12 décembre 2015

Paul Chamberland, le survivant antérieur



« Ça ne te suffit pas, bête humaine? »
— Paul Chamberland, Nuit de la poésie, 1970

J’ai passé quelques moments cet après-midi à la libraire de la Coop de l'UQÀM. Juste pour fureter! Je dois traverser une période stricte de rédaction d'ici le Jour de l'An, moine en service commandé. Déjà bien assez délinquant comme un étudiant en fin de session! Alors, pas de tentations supplémentaires!
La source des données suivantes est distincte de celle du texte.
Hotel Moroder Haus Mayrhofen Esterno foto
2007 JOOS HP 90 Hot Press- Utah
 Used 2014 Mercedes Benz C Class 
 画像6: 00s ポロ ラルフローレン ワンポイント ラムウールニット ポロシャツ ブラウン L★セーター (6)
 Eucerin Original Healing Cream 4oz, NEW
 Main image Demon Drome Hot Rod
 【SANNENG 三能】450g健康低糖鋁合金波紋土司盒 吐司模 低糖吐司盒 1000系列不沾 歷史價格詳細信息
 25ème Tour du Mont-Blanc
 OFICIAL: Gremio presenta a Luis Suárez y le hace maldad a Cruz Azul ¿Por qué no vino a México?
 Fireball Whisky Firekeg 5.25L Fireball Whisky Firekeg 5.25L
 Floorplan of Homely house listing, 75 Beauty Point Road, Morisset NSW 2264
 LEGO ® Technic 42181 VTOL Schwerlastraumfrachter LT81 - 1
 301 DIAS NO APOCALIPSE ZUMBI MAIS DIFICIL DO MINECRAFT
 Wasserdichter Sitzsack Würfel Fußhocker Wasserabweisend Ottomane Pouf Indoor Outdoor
Ça serait trop beau lire à journée longue et même une bonne partie de la nuit. Et quand bien même j'aurais cette liberté, ne conviendrait-il pas d'achever tout d'abord les lectures en cours, entre autres Barcelona! du belge Grégoire Polet (Gallimard, 2015) et Le murmure signifiant que j'aime beaucoup de Michel Morin (Les Herbes Rouges / Essai, 2006)?

N'empêche, tout à l'heure l'Ange des livres à la librairie m'a fait feuilleter juste un peu, mais juste assez pour en saisir la gravité et souhaiter ajouter sur ma liste le récent essai de Paul Chamberland : Accueillir la vie nue face à l'extrême qui vient (VLB, 2015).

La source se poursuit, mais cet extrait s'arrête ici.